# YOUR TASK
Your task is to print all of the data below exactly, with no pictures included.

# RECORDS TO PROCESS
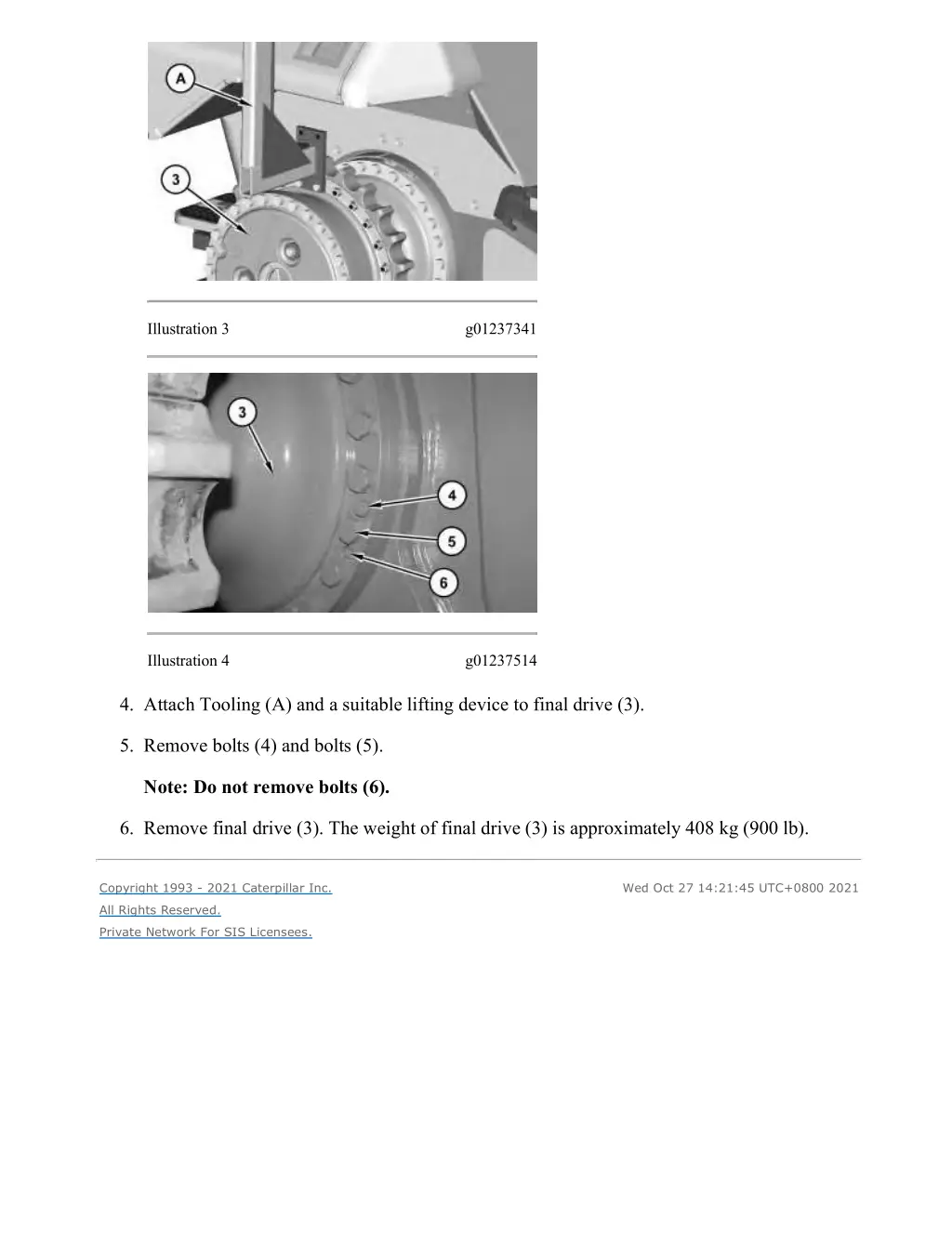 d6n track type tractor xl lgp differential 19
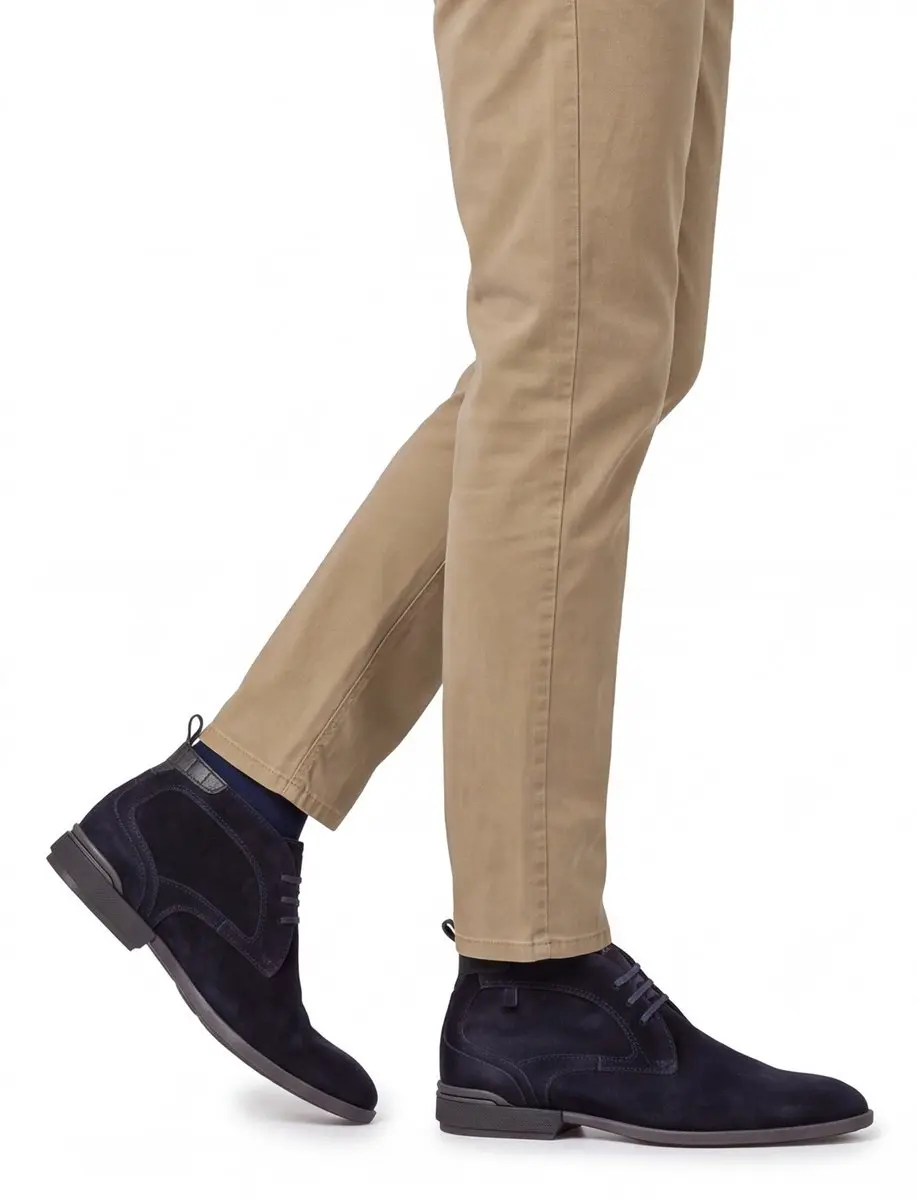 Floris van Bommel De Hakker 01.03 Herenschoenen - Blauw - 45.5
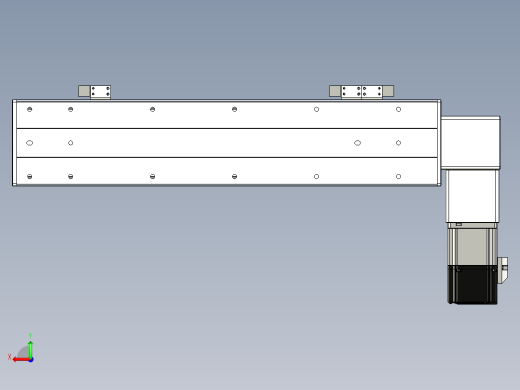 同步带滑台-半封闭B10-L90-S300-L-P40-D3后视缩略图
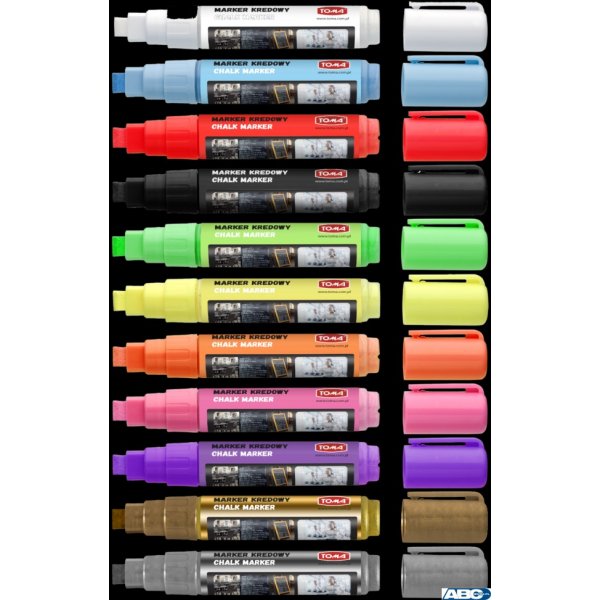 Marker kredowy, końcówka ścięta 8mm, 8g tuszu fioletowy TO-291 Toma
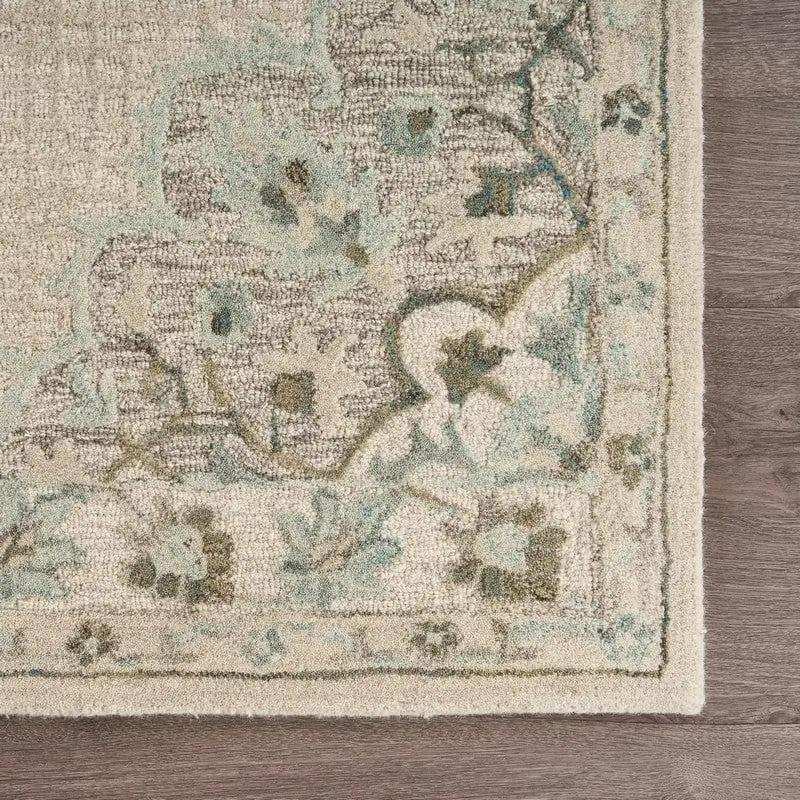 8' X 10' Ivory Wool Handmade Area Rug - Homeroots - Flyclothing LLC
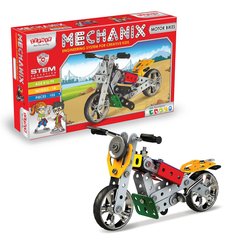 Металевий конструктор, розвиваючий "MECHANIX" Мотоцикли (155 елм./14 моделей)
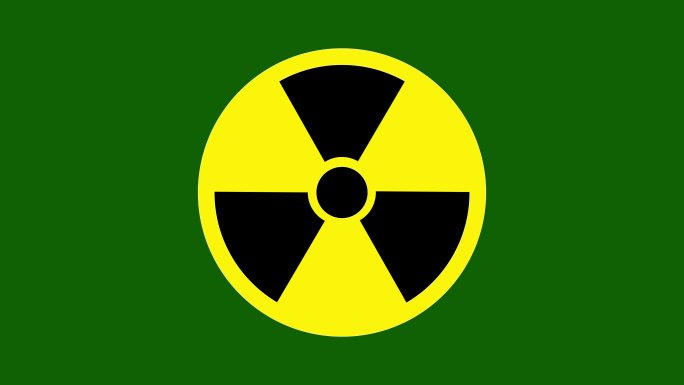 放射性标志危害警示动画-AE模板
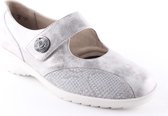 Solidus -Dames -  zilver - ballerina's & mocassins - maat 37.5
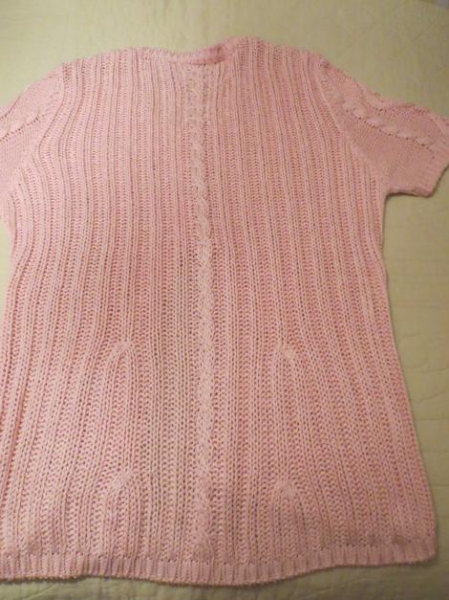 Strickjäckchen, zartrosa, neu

# FINISHED EXERCISE
 d6n track type tractor xl lgp differential 19
 Floris van Bommel De Hakker 01.03 Herenschoenen - Blauw - 45.5
 同步带滑台-半封闭B10-L90-S300-L-P40-D3后视缩略图
 Marker kredowy, końcówka ścięta 8mm, 8g tuszu fioletowy TO-291 Toma
 8' X 10' Ivory Wool Handmade Area Rug - Homeroots - Flyclothing LLC
 Металевий конструктор, розвиваючий "MECHANIX" Мотоцикли (155 елм./14 моделей)
 放射性标志危害警示动画-AE模板
 Solidus -Dames -  zilver - ballerina's & mocassins - maat 37.5
 Strickjäckchen, zartrosa, neu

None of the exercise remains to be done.